The instructions should work on most Linux distros.
Install or enable Flatpak
The first step is to install or enable Flatpak. Flatpak is a packaging and software distribution tool that is independent of the various Linux distros.
It can be installed or enabled by referring to this link: Flatpak Linux Install
Install required software
Only two pieces of software are required. The first, Orca Screen Reader, will give system-wide text-to-speech. The second, Pied, is a manager for Piper-TTS models. The models will give us a more human-like text-to-speech in comparison to the robotic ones we are used to.
Open your software manager and install Orca. It might also already be installed on certain distros.

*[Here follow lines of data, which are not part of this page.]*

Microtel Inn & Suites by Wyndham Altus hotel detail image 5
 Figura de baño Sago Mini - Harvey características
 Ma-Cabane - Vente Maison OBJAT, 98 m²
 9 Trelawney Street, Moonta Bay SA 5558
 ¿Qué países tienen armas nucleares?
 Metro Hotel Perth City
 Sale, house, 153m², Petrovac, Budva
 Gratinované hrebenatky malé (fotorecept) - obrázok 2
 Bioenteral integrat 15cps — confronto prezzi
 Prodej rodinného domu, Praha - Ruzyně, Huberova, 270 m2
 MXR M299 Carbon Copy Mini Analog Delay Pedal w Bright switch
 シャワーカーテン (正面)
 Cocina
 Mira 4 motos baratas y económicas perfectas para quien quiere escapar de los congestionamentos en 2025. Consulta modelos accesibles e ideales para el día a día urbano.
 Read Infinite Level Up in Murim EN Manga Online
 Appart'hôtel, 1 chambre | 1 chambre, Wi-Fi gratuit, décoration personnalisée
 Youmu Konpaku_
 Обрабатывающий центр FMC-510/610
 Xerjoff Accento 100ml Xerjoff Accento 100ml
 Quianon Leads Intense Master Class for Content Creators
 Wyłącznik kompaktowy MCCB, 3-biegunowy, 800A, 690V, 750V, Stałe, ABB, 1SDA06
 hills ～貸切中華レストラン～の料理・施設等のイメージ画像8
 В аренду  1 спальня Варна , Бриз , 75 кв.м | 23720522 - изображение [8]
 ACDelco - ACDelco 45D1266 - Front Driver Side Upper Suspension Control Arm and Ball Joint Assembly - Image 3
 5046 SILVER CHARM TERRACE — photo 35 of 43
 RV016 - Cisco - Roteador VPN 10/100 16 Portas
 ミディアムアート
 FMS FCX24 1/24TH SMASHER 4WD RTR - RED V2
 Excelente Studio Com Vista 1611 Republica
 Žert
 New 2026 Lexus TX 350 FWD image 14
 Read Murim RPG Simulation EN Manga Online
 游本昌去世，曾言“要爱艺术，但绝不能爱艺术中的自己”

Download the Pied Flatpak app from here: Releases page
Open a command-line app (like Konsole) and run the following command in the directory where the .flatpak was downloaded:
sudo flatpak install com.mikeasoft.pied.flatpak
Open Pied and install Piper-TTS. Thereafter download one of the the voice options.
Restart your computer.
Depending on your situation, I recommend disabling Orca on startup unless needed to login.
If Orca is not enabled on startup, then first start the Pied app and selecting the downloaded voice model. Then start Orca by opening the application manager window and typing the word 'orca'. You should see an option called "Run Orca". Choose that option.
If Orca is enabled on startup, it may complain (via audio repeatedly) of an error after logging in. But you should just start the Pied app, select the voice and then Orca should default to that chosen voice (note that I have not tested this method and it may fail. It is my assumption that Orca would switch to the selected voice after using it in the Pied app).
If Orca does not stop complaining, then run the following command on the command-line:
killall orca # use sudo if killall does not work on its own
and then follow the steps in the previous paragraph where Orca is not enabled on startup.